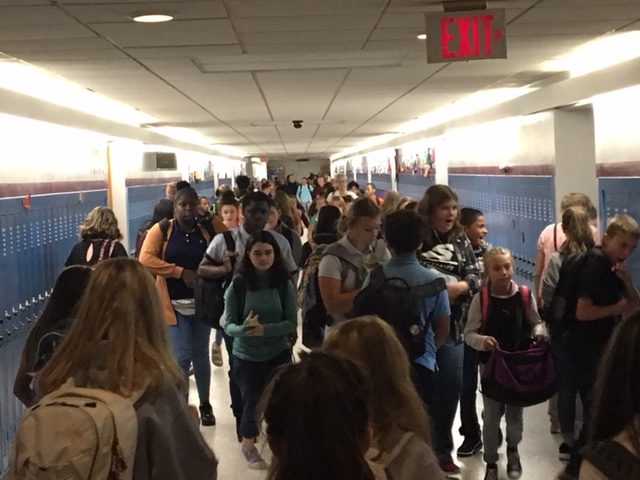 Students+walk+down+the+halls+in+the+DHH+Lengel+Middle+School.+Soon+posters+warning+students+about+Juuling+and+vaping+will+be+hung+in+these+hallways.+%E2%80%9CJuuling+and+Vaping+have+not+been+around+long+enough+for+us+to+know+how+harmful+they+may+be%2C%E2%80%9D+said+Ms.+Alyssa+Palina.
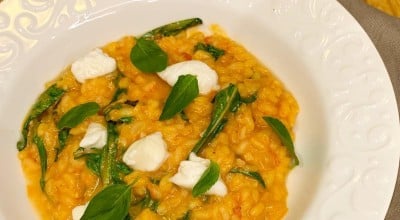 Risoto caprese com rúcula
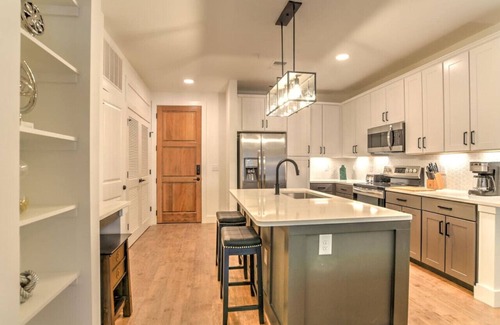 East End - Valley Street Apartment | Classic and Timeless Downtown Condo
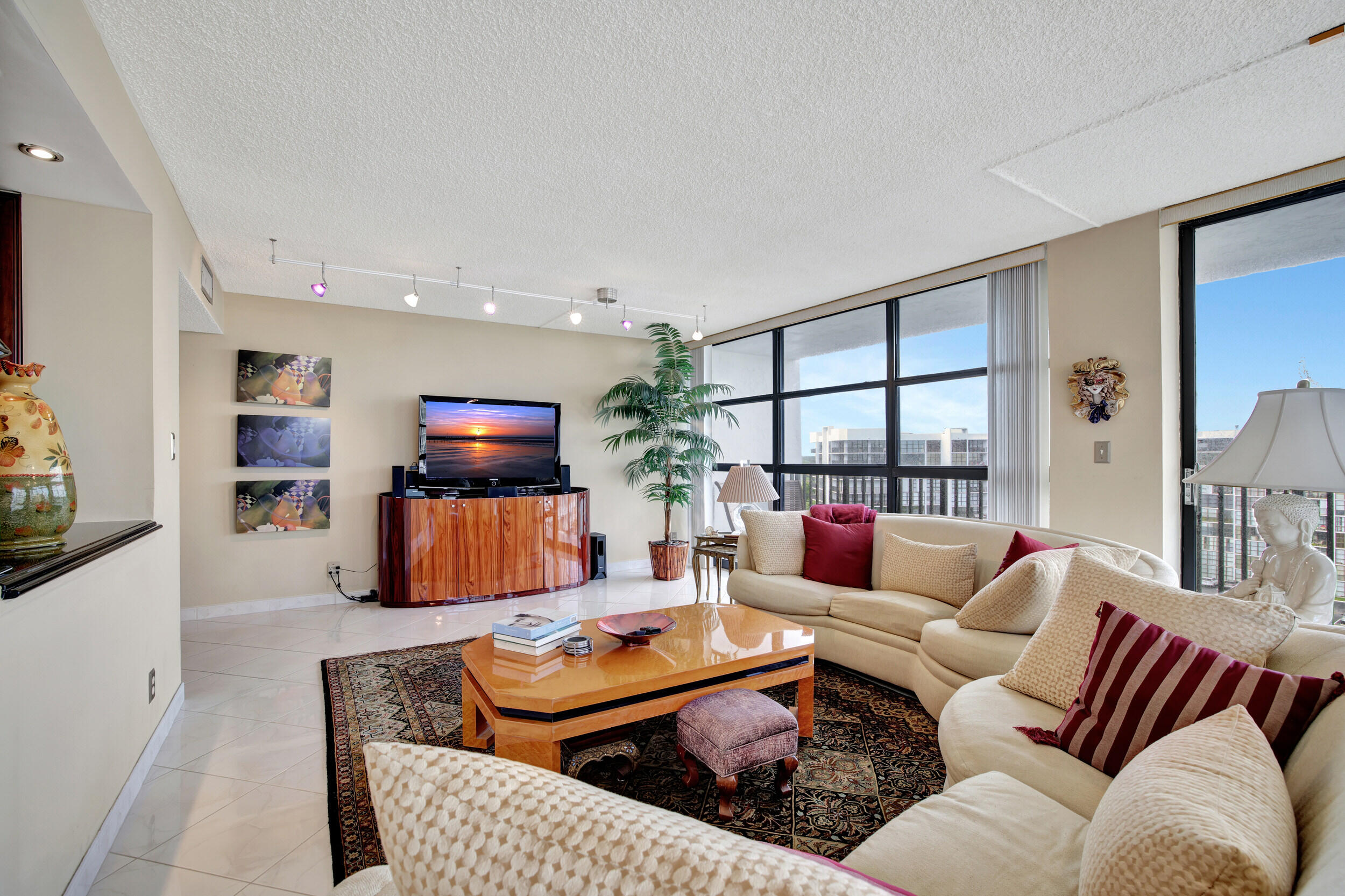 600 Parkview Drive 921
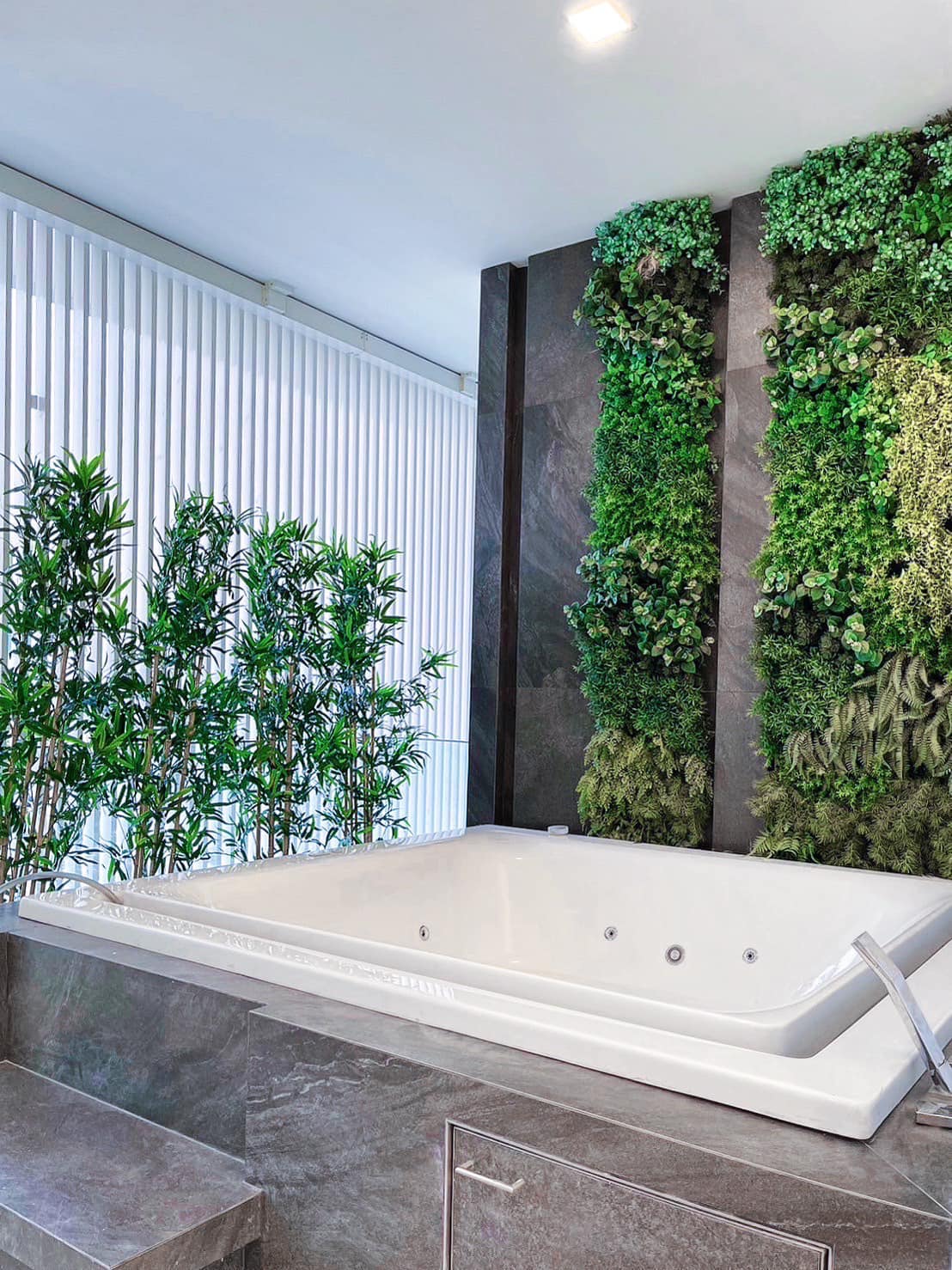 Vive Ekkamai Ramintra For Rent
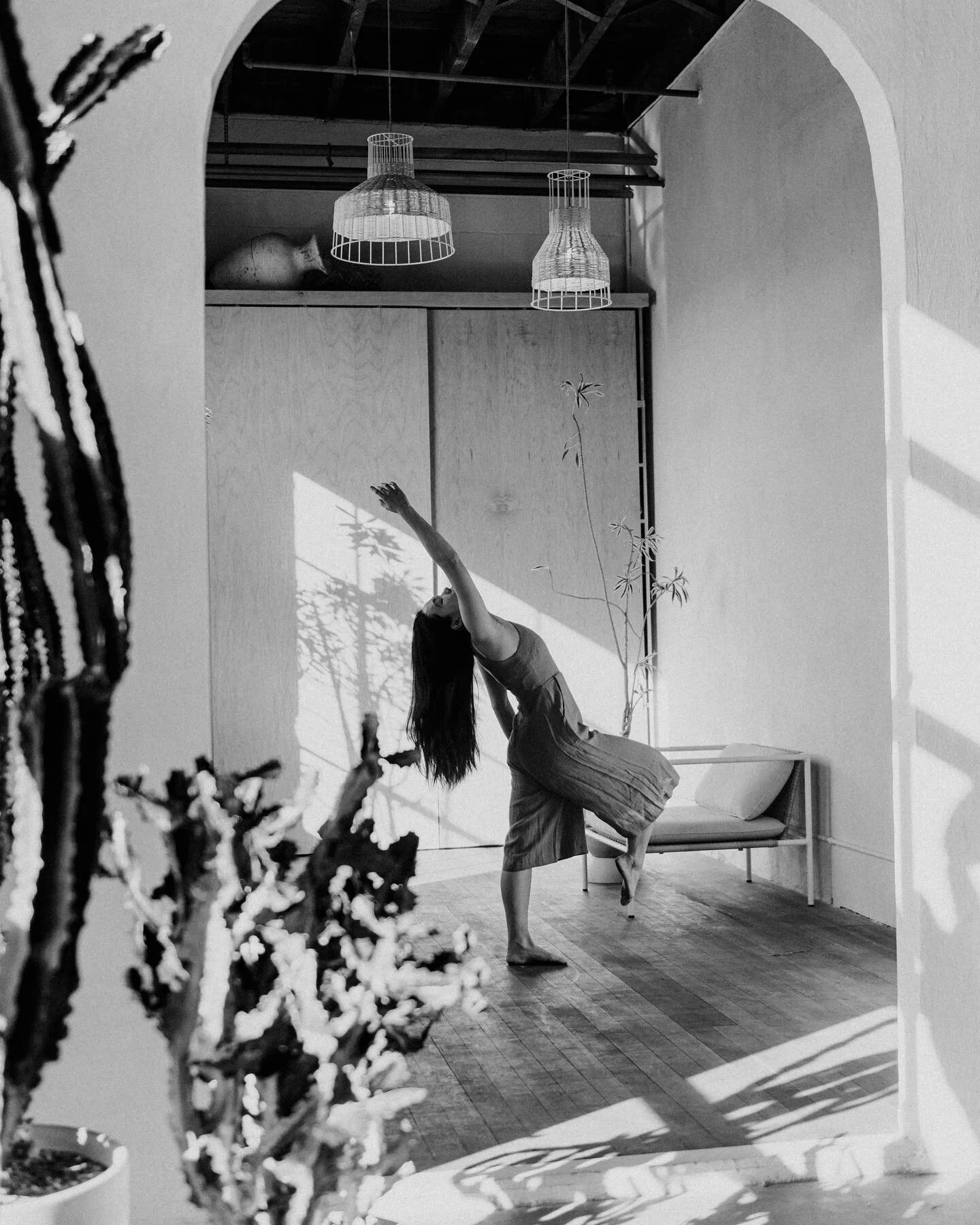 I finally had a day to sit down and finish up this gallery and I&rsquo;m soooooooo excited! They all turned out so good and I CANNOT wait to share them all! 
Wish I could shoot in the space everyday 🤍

━━━━

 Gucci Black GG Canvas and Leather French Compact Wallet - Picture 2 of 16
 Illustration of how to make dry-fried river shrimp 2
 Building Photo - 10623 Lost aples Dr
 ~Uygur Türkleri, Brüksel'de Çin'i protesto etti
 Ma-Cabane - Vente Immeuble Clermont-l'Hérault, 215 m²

━━━━

= YOUR TASK =
The material above holds pictures; leave them out and set down exactly the lines from the line with "Risoto caprese com rúcula" to the line with "Wish I could shoot in the space everyday 🤍", both included.

= RESULT OF THE TASK =
 Risoto caprese com rúcula
 East End - Valley Street Apartment | Classic and Timeless Downtown Condo
 600 Parkview Drive 921
 Vive Ekkamai Ramintra For Rent
 I finally had a day to sit down and finish up this gallery and I&rsquo;m soooooooo excited! They all turned out so good and I CANNOT wait to share them all! 
Wish I could shoot in the space everyday 🤍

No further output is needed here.